Buttigieg has no choice but to play up his youth—he’s the same age as Ivanka Trump—but as his popularity has surged, he has had to work harder to articulate what he stands for lest he get boxed in as that guy who could be our “first young president.” He tells me he’s “most interested in launching legislation” and that “bad policies will need to be replaced. The question is what are we going to replace them with.” It’s a good question, and it feels strange to think Mayor Pete is running for president without answers.
His “concerns” (at press time, they had not been dictated as official positions) include promoting national service; investing in public education and increasing resources and compensation for public school teachers; reducing barriers to college education; overhauling the Pell Grant program; creating alternative pathways to success for young people who do not attend college; securing a woman’s right to choose; and “structural reform” to the U.S. government, including abolishing the electoral college and expanding the Supreme Court.
To suggest that any of these topics aren’t millennial at heart would be foolish. Despite his Ivy League pedigree, Buttigieg’s experiences are typical of his generation. He supports abolishing the electoral college, for example, because twice in his lifetime a Democratic candidate has won the popular vote but lost the general election. He grew up when text messaging took off and was in college on September 11, 2001. He had a MySpace account and attended Harvard when Mark Zuckerberg created Facebook. He met his husband, Chasten, who teaches junior high school theater in Indiana, on the dating app Hinge. His dogs, Buddy and Truman, are famous on Twitter.
He’s passionate without being eager, measured without seeming desperate to be liked.
Although he’s nearly a decade younger than the skateboarding, punk-rock Beto O’Rourke, Buttigieg’s youth feels different. He’s passionate without being eager, measured without seeming desperate to be liked. His political icons are neither surprising nor contentious. At the age of 18 he wrote an essay praising Sanders, then a congressman, which he closed with the following: “I have heard that no sensible young person today would want to give his or her life to public service. I can personally assure you this is untrue.”
When asked about his political influences, Buttigieg reaches back further. “The JFK presidency,” he says, “was one that I thought was important and compelling, because you had somebody who was motivated by this desire to serve, who had a contagious desire to serve.” He seems to allude to similarities between himself and Kennedy, saying, “You had somebody with a good popular touch but not afraid to be intellectual and, very significantly, somebody who had a generational appeal that was really powerful.”

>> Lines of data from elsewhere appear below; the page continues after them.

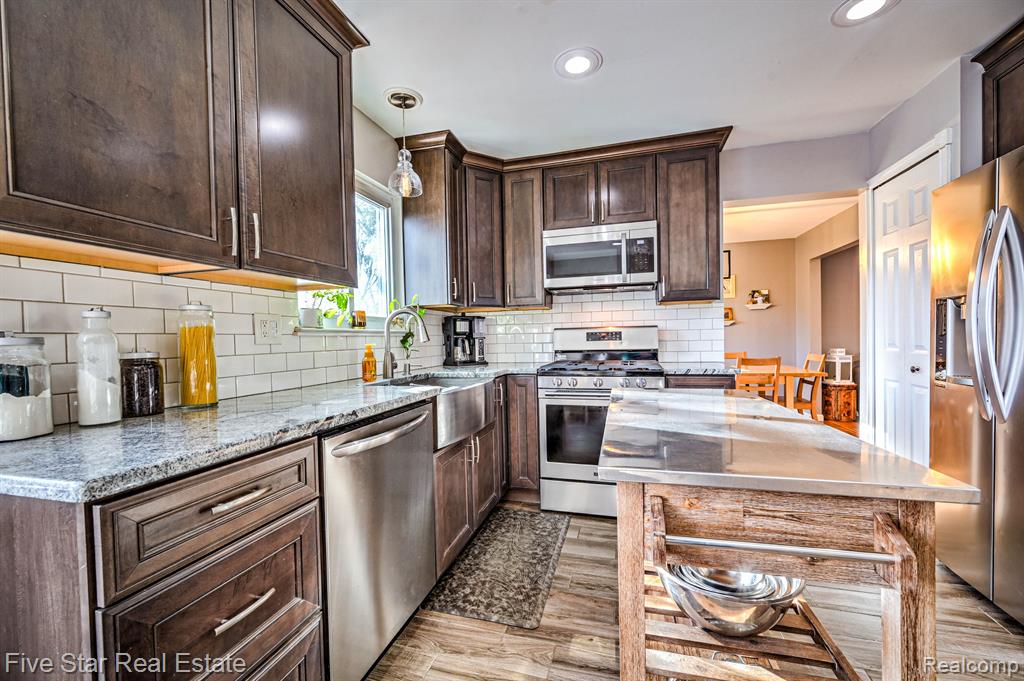 8838 Dublin Way, Sterling Heights, MI 48314 — Photo 17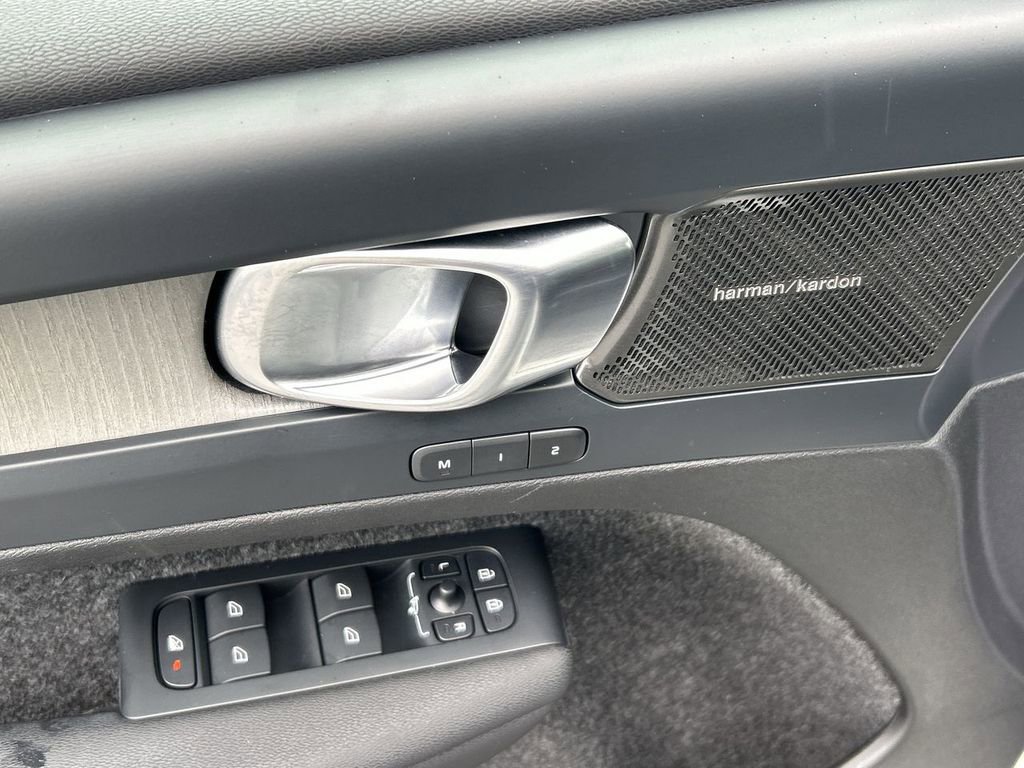 Certified 2023 Volvo XC40 B5 Plus w/ Climate Package image 16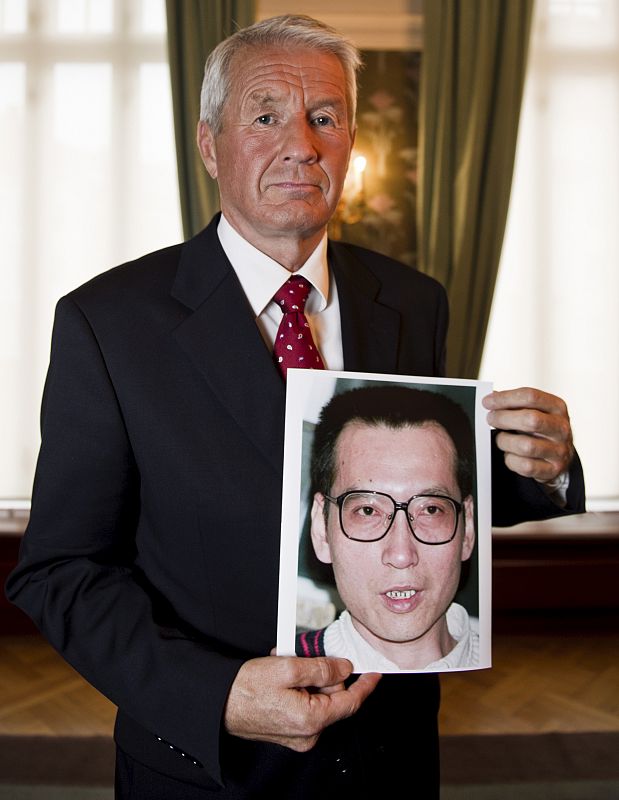 Chairman of  Norwegian Nobel Committee Jagland holds up photo of  jailed Chinese dissident Liu the recipient of the Nobel Peace Prize for 2010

The Kennedy comparison hasn’t been made much by the media—perhaps because we have compared one too many politicians to JFK and have learned our lesson. But Buttigieg is arguably the most Kennedyesque candidate in a field of 20. Kennedy remains our nation’s second-youngest president; Buttigieg would be our youngest. Kennedy made history as the first Catholic president; Buttigieg would be our first openly gay president. More than anything, Kennedy had an endearing quality. You wanted to be around the man and felt you were a part of something by supporting him. Buttigieg’s supporters seem to have a similar fixation. Several long months lie between this paltry Kennedy comparison and the ballot box, but Buttigieg looks as good as anybody in the race. And after the debates, we may finally have a front-runner.